7. The principles in regard to revaluation may therefore be summarised thus:--

(a) A student has no right to seek revaluation of an answer-script unless the rules governing the examination specifically provide for revaluation. A provision for 'scrutiny' or 'retotalling' of marks or 'rechecking the results' in the Rules does not entitle a student to seek re-Valuation.
(b) Where the rules do not provide for revaluation, the High Court will not normally direct the production of the answer scripts for its scrutiny or order revaluation. But in rare and exceptional cases where malafides or tampering is made out, or where injustice has been caused on account of gross negligence, the Court may direct revaluation in exercise of its jurisdiction under Article 226 of the Constitution.
(c) Ascertainment of malafides and tampering depends on facts of the case and for that purpose, if necessary, the answer script may be summoned.

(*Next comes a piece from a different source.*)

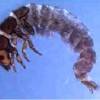 caddisfly larvae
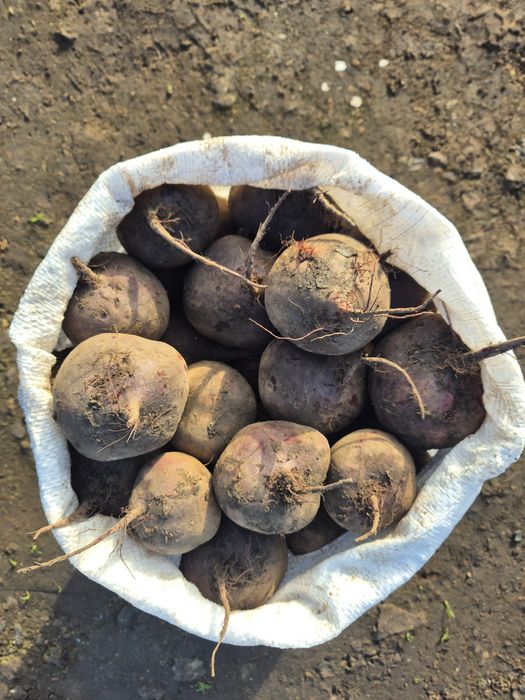 Продам буряк ОПТ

(d) Ascertainment of "gross negligence resulting in injustice" is a more difficult exercise. A student who has consistently secured very high marks in a subject in the last few years examinations, is shown to have failed in such subject, the Court may consider it to be a prima facie evidence of such negligence and call for the answer scripts. The mere fact that a student feels that he deserved more marks or alleges negligence, can not be a ground to call for answer scripts. On securing the answer-script, the Court may examine it or take the assistance of a qualified teacher to examine it. If the Court finds any gross negligence resulting in injustice which shocks its judicial conscience, it may direct revaluation.

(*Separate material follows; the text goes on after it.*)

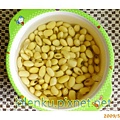 soybean_germinate06.jpg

(e) But change in marks on account of perceptional differences in assessment can not be a ground for re-valuation. Different examiners may evaluate the same answers differently resulting in lesser or higher marks being awarded. Re-valuation is not to be ordered merely because another valuer is of the view that the marks should have been different. In traditional examinations where the purpose is to test the knowledge, grammar, logic or reasoning, the perceptions about the answers may vary from examiner to examiner. (Of course where the examination is of objective type, where the student is merely to mark 'yes' or 'no', or choose one of the multiple answers, there can not be any difference in valuation.)

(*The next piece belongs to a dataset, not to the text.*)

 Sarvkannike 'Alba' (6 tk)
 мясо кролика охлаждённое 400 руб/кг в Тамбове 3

(f) While fairness in examinations is impliedly assured by the Board, exactness in valuation in individual cases can neither be assured nor be claimed. Certain margin of human error, over- sight, and perceptional difference is part of the valuation system, where thousands or lacs of answer scripts are evaluated by hundreds or thousands of evaluaters. Therefore, even where the Court secures the answer script and examines it or gets it examined by an independent teacher, re-valuation should not be ordered merely because there is some difference in valuation or because one or two answers have not been valued or have been wrongly valued. To repeat, malafides or tampering or gross negligence (and not small or negligible errors or perceptional changes) is a condition precedent for ordering re-valuation.

8. On applying the said principles, we are clear that the appellant in this case is not entitled to seek production of answer-scripts or revaluation. The appellant has not made out any malafides or tampering. The appellant has passed with an average 76% marks. The fact that he may get a few more marks, on revaluation, is not a ground for summoning the answer script and order re-valuation. Where the student has already secured a high percentage of marks, there is no case for 'gross negligence resulting in injustice'. Courts should not be swayed by sympathy and rhetoric in such matters. As observed by the Supreme Court 'pragmatism' and not 'idealism* should be the basis for interference in such matters.

9. We, therefore, find no reason to entertain the appeal. The appeal is dismissed.